LLaMA was announced on February 24, 2023, via a blog post and a paper describing the model's training, architecture, and performance.[2][3] The inference code used to run the model was publicly released under the open-source GPLv3 license.[20] Access to the model's weights was managed by an application process, with access to be granted "on a case-by-case basis to academic researchers; those affiliated with organizations in government, civil society, and academia; and industry research laboratories around the world".[3]
On March 3, 2023, a torrent containing LLaMA's weights was uploaded, with a link to the torrent shared on the 4chan imageboard and subsequently spread through online AI communities.[21] That same day, a pull request on the main LLaMA repository was opened, requesting to add the magnet link to the official documentation.[22][23] On March 4, a pull request was opened to add links to HuggingFace repositories containing the model.[24][22] On March 6, Meta filed takedown requests to remove the HuggingFace repositories linked in the pull request, characterizing it as "unauthorized distribution" of the model. HuggingFace complied with the requests.[25] On March 20, Meta filed a DMCA takedown request for copyright infringement against a repository containing a script that downloaded LLaMA from a mirror, and GitHub complied the next day.[26] As of March 25, Facebook has not responded to the pull request containing the magnet link.[23]
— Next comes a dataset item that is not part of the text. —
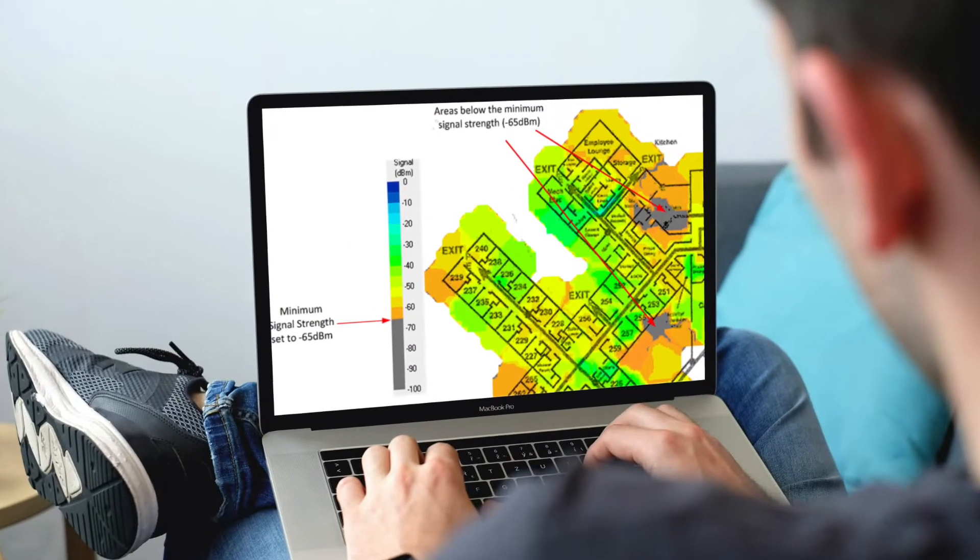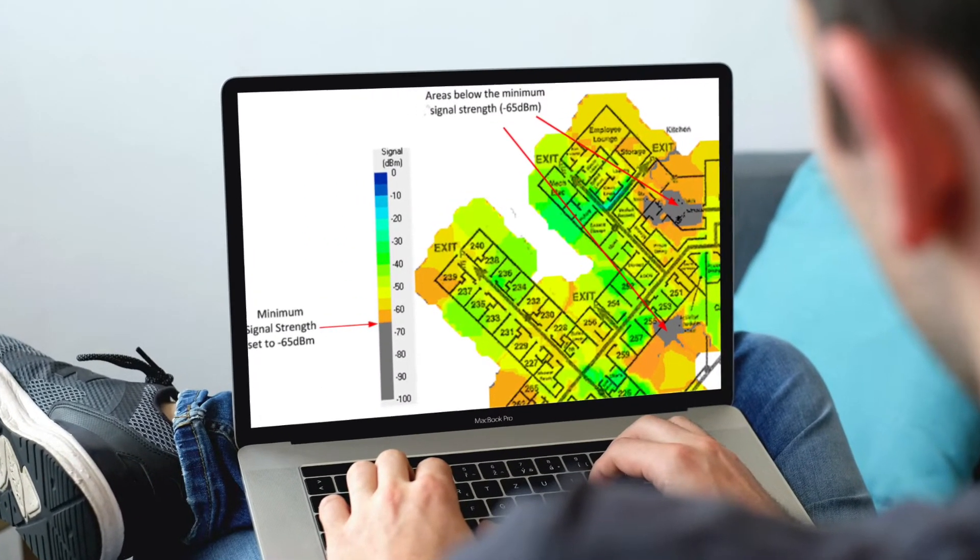This is an example of a Wi-Fi heat map, which shows the wireless signal coverage and strength of an area. Wireless site surveys can be performed on a blank canvas, such as a new facility, or an existing network setup to identify areas of improvement.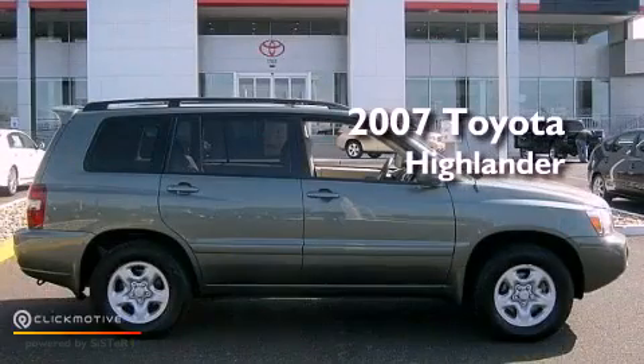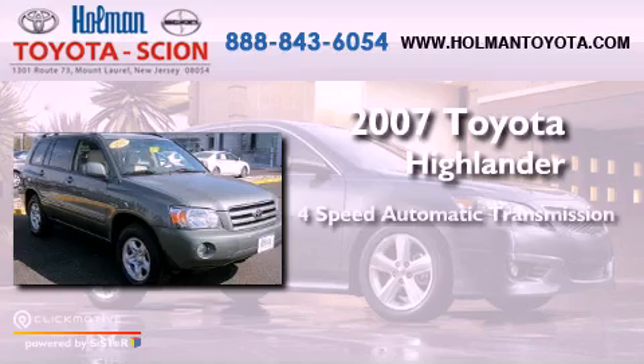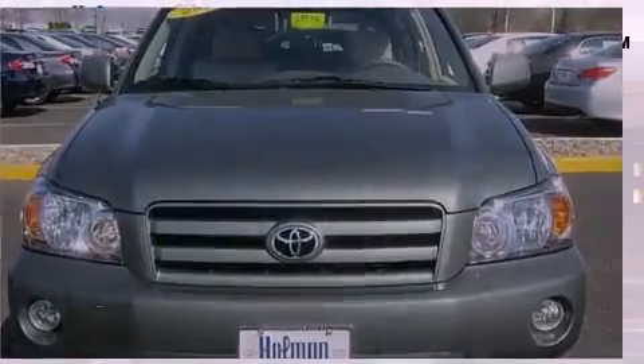This is a 2007 Toyota Highlander. This vehicle has seating for five adults, an inline four-cylinder engine, and the added safety and control of four-wheel drive.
Reactions to the leak varied. Some speculated that the model would be used for malicious purposes, such as more sophisticated spam. Some have celebrated the model's accessibility, as well as the fact that smaller versions of the model can be run relatively cheaply, suggesting that this will promote the flourishing of additional research developments.[21] Multiple commentators, such as Simon Willison, compared LLaMA to Stable Diffusion, a text-to-image model which, unlike comparably sophisticated models which preceded it, was openly distributed, leading to a rapid proliferation of associated tools, techniques, and software.[21][27]
On April 17, 2023, TogetherAI launched a project named RedPajama to reproduce and distribute an open source version of the LLaMA dataset.[28] The dataset has approximately 1.2 trillion tokens and is publicly available for download.[29]
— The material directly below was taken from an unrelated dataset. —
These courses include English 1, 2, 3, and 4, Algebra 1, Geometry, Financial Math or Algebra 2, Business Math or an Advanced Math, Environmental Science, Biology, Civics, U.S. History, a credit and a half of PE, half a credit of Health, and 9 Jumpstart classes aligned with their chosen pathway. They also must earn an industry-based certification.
Software developer Georgi Gerganov released llama.cpp as open-source on March 10, 2023. It's a re-implementation of LLaMA in C++, allowing systems without a powerful GPU to run the model locally.[30] The llama.cpp project introduced the GGUF file format, a binary format that stores both tensors and metadata.[31] The format focuses on supporting different quantization types, which can reduce memory usage, and increase speed at the expense of lower model precision.[32]
llamafile created by Justine Tunney is an open-source tool that bundles llama.cpp with the model into a single executable file. Tunney et. al. introduced new optimized matrix multiplication kernels for x86 and ARM CPUs, improving prompt evaluation performance for FP16 and 8-bit quantized data types.[33]
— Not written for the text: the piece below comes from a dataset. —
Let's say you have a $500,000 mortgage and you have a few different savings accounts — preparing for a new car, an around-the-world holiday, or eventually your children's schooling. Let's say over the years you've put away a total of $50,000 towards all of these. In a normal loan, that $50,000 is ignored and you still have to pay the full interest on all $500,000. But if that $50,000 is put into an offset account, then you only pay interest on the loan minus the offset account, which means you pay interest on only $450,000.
AI startup Groq has made LLaMA models available via it's API.[34][35]
The Stanford University Institute for Human-Centered Artificial Intelligence (HAI) Center for Research on Foundation Models (CRFM) released Alpaca, a training recipe based on the LLaMA 7B model that uses the "Self-Instruct" method of instruction tuning to acquire capabilities comparable to the OpenAI GPT-3 series text-davinci-003 model at a modest cost.[36][37][38] The model files were officially removed on March 21st 2023 over hosting costs and safety concerns, though the code and paper remain online for reference.[39][40][41]
Meditron is a family of Llama-based finetuned on a corpus of clinical guidelines, PubMed papers, and articles. It was created by researchers at École Polytechnique Fédérale de Lausanne School of Computer and Communication Sciences, and the Yale School of Medicine. It shows increased performance on medical-related benchmarks such as MedQA and MedMCQA.[42][43][44]